Keeping information secure
We take the privacy of our customers very seriously. A range of policies, processes and technical measures are in place to control and safeguard access to, and use of, Wi-Fi connection data. Anyone with access to this data must complete TfL's privacy and data protection training every year.
Each MAC address is automatically depersonalised (pseudonymised) and encrypted to prevent the identification of the original MAC address and associated device. At no time does TfL store a device's original MAC address.
The data collected is stored in a restricted area of a secure location. All access is governed through industry standard authentication methods. Access is limited to a restricted group of users - ie only those whose access to the data is necessary for their role.
Our encryption keys are held securely in an industry standard computer program for secrets and key management , and we use an industry standard one-way hashing algorithm. All data is encrypted at rest and when in transit.
We also publish guidance on steps you can take to protect your personal information.
Individual depersonalised device Wi-Fi connection data is accessible only to a controlled group of TfL employees. Aggregated data developed by combining depersonalised data from many devices may be shared with other TfL departments and external bodies. Aggregated data will include counts of numbers of devices, rather than data containing pseudonymised MAC addresses.
We understand that there may be scenarios where the data could be useful to the police and other law enforcement bodies. As with current processes for other data held, when we get a request to disclose data, we require the police to demonstrate that the data concerned will help them to prevent or detect crime and/or prosecute offenders.
Requests will be dealt with on a strictly case-by-case basis to ensure that any disclosure is lawful. We would only be able to disclose pseudonymised data, as we do not hold the original MAC address.
Your information rights
Please also refer to the guidance above on how to choose not to provide your device's Wi-Fi connection data.
In order to realise some of the benefits of collecting this data, it is important that patterns of travel are understood over time. This means that we have to preserve our hashing key to maintain continuity of the pseudonymised data.
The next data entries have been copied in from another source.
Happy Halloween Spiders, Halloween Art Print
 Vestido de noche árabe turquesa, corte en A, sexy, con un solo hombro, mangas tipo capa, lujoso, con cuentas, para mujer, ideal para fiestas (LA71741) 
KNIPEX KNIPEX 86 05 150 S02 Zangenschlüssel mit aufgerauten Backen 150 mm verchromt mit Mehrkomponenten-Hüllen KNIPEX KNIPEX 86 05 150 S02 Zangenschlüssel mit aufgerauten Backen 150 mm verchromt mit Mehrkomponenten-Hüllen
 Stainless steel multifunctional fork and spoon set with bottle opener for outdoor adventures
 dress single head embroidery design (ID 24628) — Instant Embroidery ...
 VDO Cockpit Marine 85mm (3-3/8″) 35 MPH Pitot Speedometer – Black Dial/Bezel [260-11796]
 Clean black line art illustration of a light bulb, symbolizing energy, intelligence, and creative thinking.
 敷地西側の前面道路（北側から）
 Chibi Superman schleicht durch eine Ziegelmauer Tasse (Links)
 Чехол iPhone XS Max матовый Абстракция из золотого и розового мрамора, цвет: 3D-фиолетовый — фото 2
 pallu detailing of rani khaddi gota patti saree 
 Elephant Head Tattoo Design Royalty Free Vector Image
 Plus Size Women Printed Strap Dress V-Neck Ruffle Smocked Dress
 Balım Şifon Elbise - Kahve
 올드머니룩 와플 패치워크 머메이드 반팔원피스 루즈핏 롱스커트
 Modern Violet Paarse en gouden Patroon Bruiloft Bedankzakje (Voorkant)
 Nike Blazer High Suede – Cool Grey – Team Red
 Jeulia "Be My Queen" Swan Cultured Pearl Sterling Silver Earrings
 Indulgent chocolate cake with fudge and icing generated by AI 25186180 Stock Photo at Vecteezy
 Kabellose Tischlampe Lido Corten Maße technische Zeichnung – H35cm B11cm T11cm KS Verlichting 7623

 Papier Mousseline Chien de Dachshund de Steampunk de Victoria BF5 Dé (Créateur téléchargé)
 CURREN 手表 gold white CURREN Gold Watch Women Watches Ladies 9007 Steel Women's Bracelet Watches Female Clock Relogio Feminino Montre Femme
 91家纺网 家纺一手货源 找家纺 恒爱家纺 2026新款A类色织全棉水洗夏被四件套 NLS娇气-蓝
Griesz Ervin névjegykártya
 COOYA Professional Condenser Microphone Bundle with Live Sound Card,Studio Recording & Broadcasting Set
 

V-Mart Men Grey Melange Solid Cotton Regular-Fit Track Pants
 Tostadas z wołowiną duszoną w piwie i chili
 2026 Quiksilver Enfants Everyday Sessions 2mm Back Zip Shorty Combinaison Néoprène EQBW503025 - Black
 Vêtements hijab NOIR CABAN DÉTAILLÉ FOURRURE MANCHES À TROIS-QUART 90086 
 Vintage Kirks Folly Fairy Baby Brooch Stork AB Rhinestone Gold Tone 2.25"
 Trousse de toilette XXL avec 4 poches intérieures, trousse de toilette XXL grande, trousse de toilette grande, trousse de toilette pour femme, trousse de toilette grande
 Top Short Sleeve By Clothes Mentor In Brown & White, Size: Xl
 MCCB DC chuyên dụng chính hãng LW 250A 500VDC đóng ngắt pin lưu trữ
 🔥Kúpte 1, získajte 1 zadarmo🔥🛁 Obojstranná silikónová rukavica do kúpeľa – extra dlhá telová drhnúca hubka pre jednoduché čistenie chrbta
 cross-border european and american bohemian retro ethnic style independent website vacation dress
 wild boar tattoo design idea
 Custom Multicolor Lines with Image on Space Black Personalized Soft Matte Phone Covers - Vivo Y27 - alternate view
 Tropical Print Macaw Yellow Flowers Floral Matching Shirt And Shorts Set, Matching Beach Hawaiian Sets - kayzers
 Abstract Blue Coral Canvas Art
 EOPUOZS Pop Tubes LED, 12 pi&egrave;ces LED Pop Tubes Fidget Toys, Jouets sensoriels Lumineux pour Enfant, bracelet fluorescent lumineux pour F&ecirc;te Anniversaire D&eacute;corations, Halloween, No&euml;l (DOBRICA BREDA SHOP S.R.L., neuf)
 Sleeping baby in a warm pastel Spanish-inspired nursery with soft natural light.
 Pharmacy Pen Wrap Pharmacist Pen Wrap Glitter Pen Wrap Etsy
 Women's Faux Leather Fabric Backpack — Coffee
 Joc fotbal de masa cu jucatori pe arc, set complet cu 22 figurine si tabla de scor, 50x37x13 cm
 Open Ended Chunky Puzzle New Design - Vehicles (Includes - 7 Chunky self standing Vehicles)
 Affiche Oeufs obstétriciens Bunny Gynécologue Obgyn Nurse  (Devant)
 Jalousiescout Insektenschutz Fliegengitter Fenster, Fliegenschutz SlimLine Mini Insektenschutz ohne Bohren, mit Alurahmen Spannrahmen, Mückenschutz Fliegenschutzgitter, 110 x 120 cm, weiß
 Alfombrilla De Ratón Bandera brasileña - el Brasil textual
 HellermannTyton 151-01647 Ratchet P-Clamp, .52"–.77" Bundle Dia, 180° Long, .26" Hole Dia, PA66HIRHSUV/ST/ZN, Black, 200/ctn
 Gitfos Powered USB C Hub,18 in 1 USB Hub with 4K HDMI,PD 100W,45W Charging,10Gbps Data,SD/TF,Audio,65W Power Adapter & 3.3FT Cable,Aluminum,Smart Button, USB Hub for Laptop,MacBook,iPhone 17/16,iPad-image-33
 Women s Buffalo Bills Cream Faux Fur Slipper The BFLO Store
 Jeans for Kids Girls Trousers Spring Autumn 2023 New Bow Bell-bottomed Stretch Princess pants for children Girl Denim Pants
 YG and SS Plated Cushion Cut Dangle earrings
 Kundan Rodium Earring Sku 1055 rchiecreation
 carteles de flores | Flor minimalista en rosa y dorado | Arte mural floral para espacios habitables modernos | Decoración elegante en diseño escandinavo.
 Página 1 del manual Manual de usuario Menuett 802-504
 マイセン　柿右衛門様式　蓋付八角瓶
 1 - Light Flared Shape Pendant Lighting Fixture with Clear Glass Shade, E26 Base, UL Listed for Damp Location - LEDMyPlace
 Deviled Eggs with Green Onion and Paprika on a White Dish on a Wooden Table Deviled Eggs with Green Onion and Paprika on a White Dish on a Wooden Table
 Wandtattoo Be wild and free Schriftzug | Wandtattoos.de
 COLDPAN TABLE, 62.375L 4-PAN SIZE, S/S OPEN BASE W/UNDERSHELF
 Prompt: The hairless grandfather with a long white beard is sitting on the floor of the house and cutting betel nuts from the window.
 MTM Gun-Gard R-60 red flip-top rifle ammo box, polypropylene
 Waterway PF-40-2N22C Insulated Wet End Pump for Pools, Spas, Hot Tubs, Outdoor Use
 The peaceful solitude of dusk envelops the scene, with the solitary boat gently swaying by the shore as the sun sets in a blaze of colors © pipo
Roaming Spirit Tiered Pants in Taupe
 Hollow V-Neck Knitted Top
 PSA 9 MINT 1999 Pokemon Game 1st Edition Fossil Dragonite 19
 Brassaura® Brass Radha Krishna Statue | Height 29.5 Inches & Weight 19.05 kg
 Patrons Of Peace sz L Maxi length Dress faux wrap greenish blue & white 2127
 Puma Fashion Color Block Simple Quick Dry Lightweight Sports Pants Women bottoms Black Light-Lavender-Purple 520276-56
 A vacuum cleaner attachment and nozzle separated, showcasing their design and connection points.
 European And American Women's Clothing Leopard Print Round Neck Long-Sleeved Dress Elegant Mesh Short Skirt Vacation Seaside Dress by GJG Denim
It would therefore technically be possible to align the same MAC address to the same pseudonym. However, the only way TfL can determine a specific pseudonym is for the MAC address to be provided to us, as we do not retain the MAC address itself.
The rights under Articles 15 to 20 of the General Data Protection Regulation (GDPR) do not apply if TfL is not in a position to identify a specific individual, unless the individual provides additional information to enable identification. Only providing a MAC address does not establish a definite link between that individual and the pseudonymised journey information.
Even if we could associate a particular journey with a pseudonymised MAC address, we cannot assume the same individual was in possession of the same device on all other journeys. It would not be practical or proportionate to establish who was carrying the phone at each point in time.
This means that we are unable to provide data in response to any requests to access the Wi-Fi data generated by your device.
The TfL Privacy and Data Protection team consider and coordinate responses to any requests that relate to an individual's rights under the GDPR and complaints from people whose personal data is processed by TfL and its subsidiary companies. You can contact the Data Protection Officer by email at firstname.lastname@example.org
Changes to this page
It's likely that we'll need to update this statement from time to time, so check back here regularly to find out more. This page was last updated in September 2021.